Modifying a pointer in integer form by integer operations does however not work:
int *a = malloc(8);
uintptr_t *ptr_to_a = (uintptr_t*)&a;
uintptr_t ptr_to_a_as_int = *ptr_to_a;
*ptr_to_a = ptr_to_a_as_int + 1; // Results in poison
*a = 1; // Undefined behavior
Compared to an approach which does not allow pointer bits in integers, this introduces new obligations for integer transformations. For example x
to x + 0
is not a legal transformation. This is because x
could have a capability which means x + 0
would be poison
where previously it was just x
. Additionally it is not allowed because if x
is partially poison, x + 0
becomes fully poison
. Integer operations can still be transformed given existing integer operations, so it’s unclear if it is problematic in practice.
Capabilities are non-monotonic, which means that transformations that introduce capabilities where there previously was none may introduce undefined behavior.

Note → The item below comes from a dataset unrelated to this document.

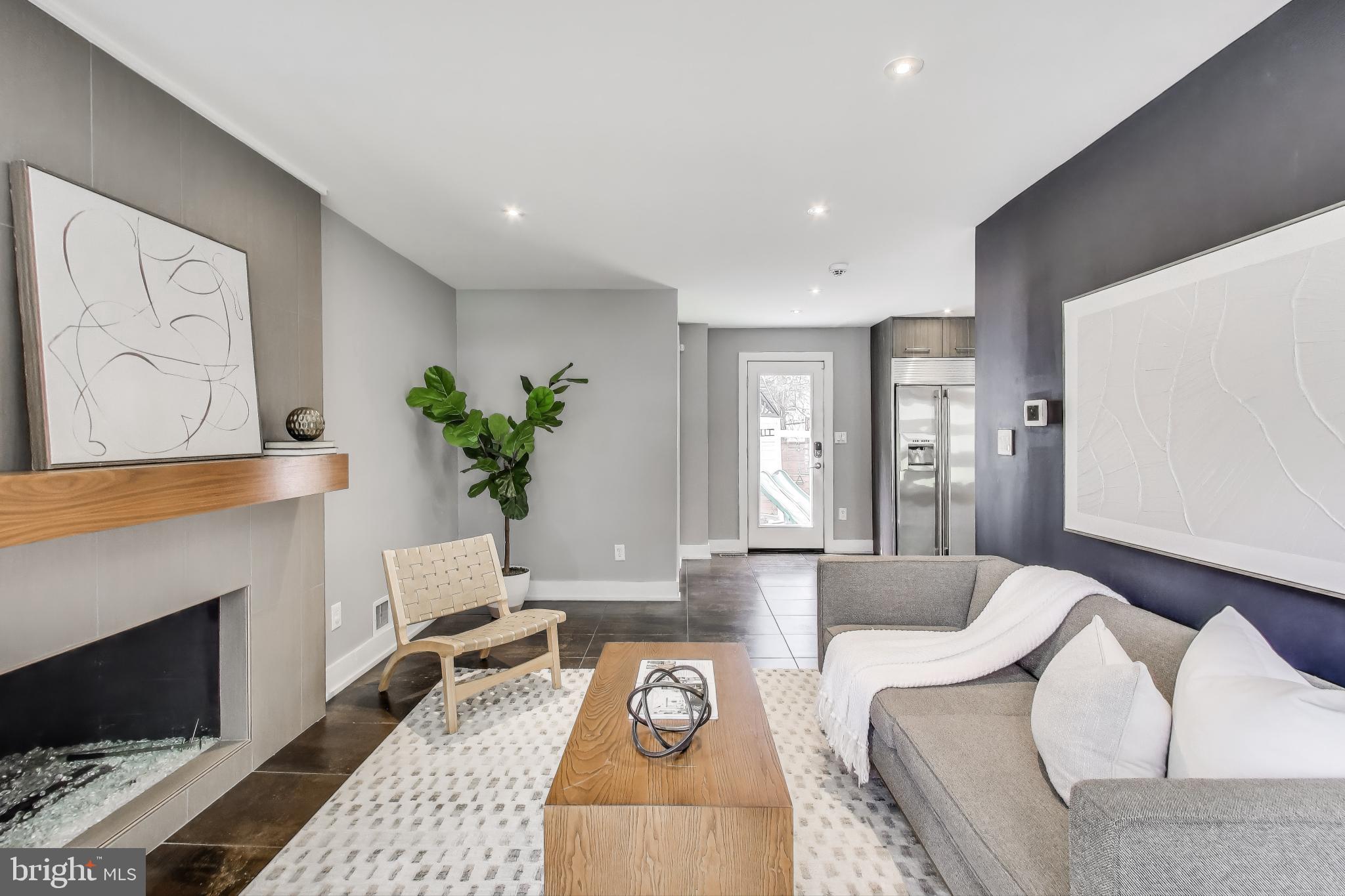 KENSINGTON KNOLLS - Residential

If it turns out that these new obligations indeed are problematic we can introduce a !nocap
attribute on load
instructions which cause them to return poison
if it would otherwise have any capability bits. This is something languages like Rust and C with strict aliasing (excluding char
) could do, but you do have to give up the ability to store pointers in integers and implementing memcpy
with regular integer types in the front-end language. This attribute is similar to the approach taken with !noundef
and freeze
.
Conclusion
We defined poison to be bitwise to prevent it from spreading in memory operations. We allowed integers to hold pointers if no integer operations are used on them. These are the key novel ideas of this model. I hope this shows that we can avoid introducing a byte
type, give defined behavior to more programs compared to an approach where integers cannot hold pointers, while still keeping our optimizations.